**Supplied entries**
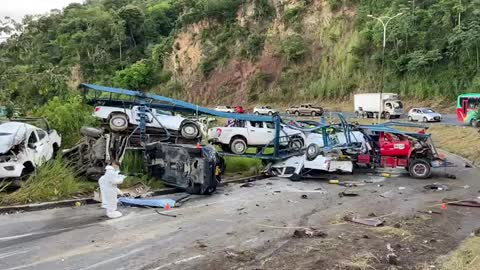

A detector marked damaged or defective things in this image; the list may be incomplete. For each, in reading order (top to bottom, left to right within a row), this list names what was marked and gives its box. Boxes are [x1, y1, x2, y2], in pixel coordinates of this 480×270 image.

mangled white pickup truck [0, 121, 62, 182]
overturned vehicle [0, 119, 62, 185]
overturned vehicle [270, 121, 450, 179]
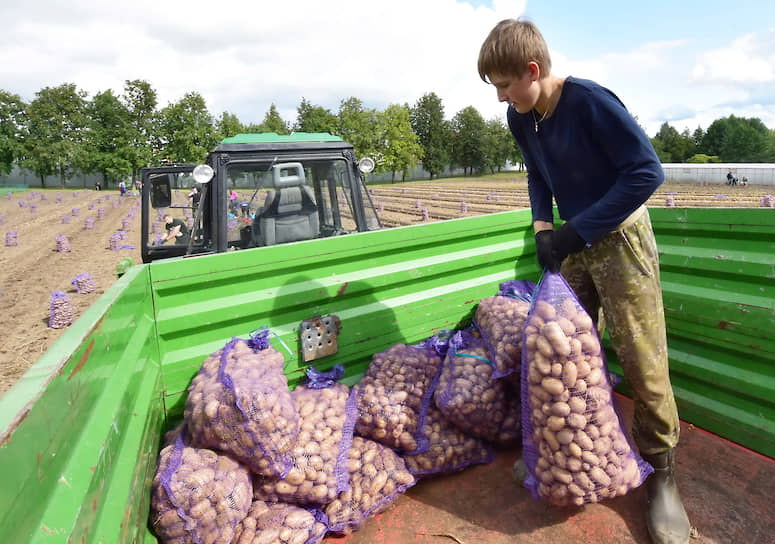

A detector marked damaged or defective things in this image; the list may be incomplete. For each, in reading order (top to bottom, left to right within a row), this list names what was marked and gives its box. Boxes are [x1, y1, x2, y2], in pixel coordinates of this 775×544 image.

rusty trailer floor [324, 396, 775, 544]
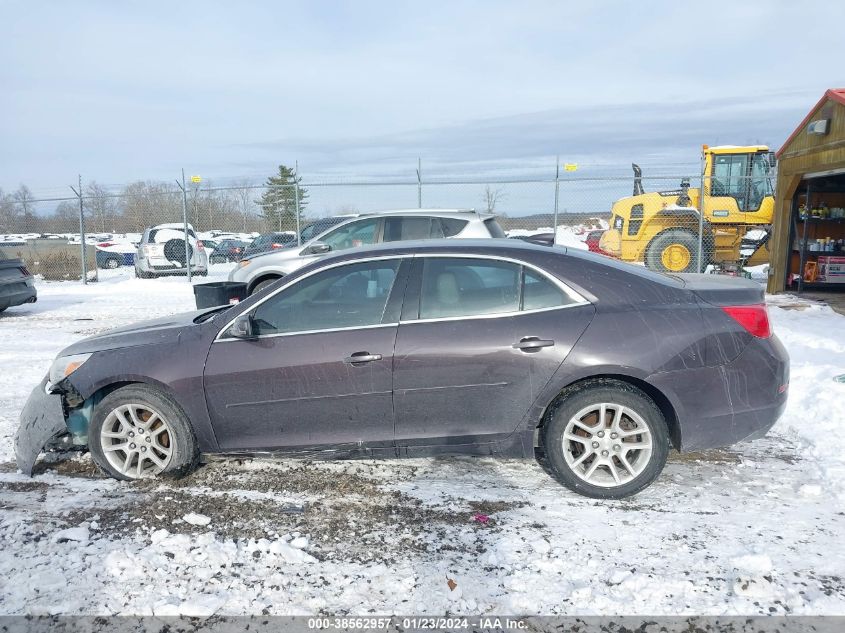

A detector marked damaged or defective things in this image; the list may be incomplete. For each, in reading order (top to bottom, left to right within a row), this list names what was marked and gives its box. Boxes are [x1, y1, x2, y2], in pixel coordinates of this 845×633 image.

front end damage [13, 376, 95, 474]
damaged gray sedan [14, 239, 792, 496]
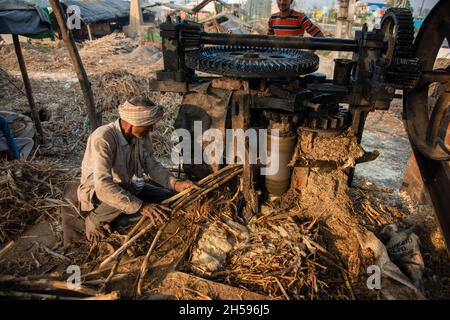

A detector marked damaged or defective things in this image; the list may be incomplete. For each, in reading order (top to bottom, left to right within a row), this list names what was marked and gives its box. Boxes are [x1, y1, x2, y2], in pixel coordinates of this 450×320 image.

rusty machinery [150, 2, 450, 251]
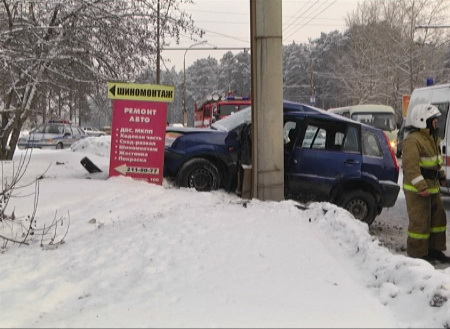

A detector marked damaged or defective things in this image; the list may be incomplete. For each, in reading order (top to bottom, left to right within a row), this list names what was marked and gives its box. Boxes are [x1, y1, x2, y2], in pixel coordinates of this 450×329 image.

crashed car [163, 102, 400, 226]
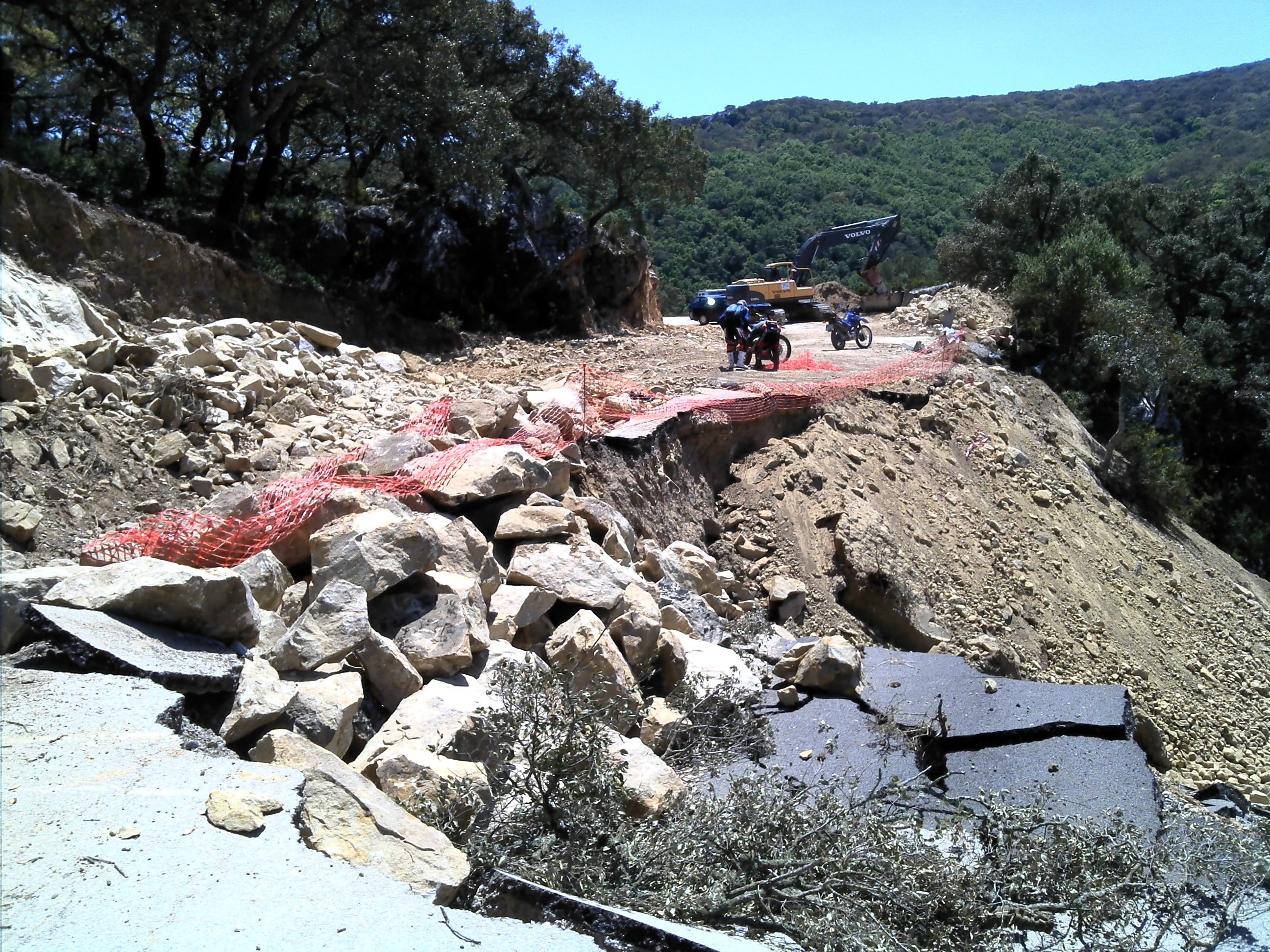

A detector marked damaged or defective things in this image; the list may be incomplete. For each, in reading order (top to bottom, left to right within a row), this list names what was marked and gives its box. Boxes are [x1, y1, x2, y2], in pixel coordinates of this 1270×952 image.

broken asphalt slab [17, 604, 243, 695]
broken asphalt slab [853, 644, 1133, 741]
broken asphalt slab [0, 670, 762, 952]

**The task**
The data above, line by line: transcribe it exactly and drop the pictures.

**Result of the task**
A detector marked damaged or defective things in this image; the list may be incomplete. For each, in reading order (top to bottom, left to right within a row), this list names what was marked and gives its box. Boxes are [x1, y1, x2, y2], in pixel coordinates of this 480×270 image.

mangled white pickup truck [0, 121, 62, 182]
overturned vehicle [0, 119, 62, 185]
overturned vehicle [270, 121, 450, 179]

A detector marked damaged or defective things in this image; the list may be incomplete. For each, in reading order (top to bottom, left to right within a row), this list names what was marked and gives its box. Boxes are [x1, y1, x2, y2], in pixel coordinates of this 775×544 image.

rusty trailer floor [324, 396, 775, 544]

A detector marked damaged or defective things in this image; the list may be incomplete. For each, in reading order (top to bottom, left to right within a row), this list names what was marked and gives its box. Boxes are [x1, y1, x2, y2], in pixel coordinates of this 845×633 image.

front end damage [13, 376, 95, 474]
damaged gray sedan [14, 239, 792, 496]

A detector marked damaged or defective things in this image; the list may be incomplete. For each, in reading order (top to bottom, left to right within a row), this list names what was marked and gives its box. Boxes are [x1, y1, x2, y2], in pixel coordinates of this 450×320 image.

rusty machinery [150, 2, 450, 251]

A detector marked damaged or defective things in this image; the list may be incomplete. For each, in reading order (top to bottom, left to right within a row), this list names what was marked and gives its box. Boxes are [x1, y1, x2, y2], in pixel coordinates of this 450×329 image.

crashed car [163, 102, 400, 226]

A detector marked damaged or defective things in this image; the list may be incomplete. For each, in reading order (top to bottom, left to right within a row), this list names what was marked and gives its box. Boxes are [x1, y1, x2, y2], in pixel coordinates of this 1270×952 image.

broken asphalt slab [17, 604, 243, 695]
broken asphalt slab [853, 644, 1133, 741]
broken asphalt slab [0, 670, 762, 952]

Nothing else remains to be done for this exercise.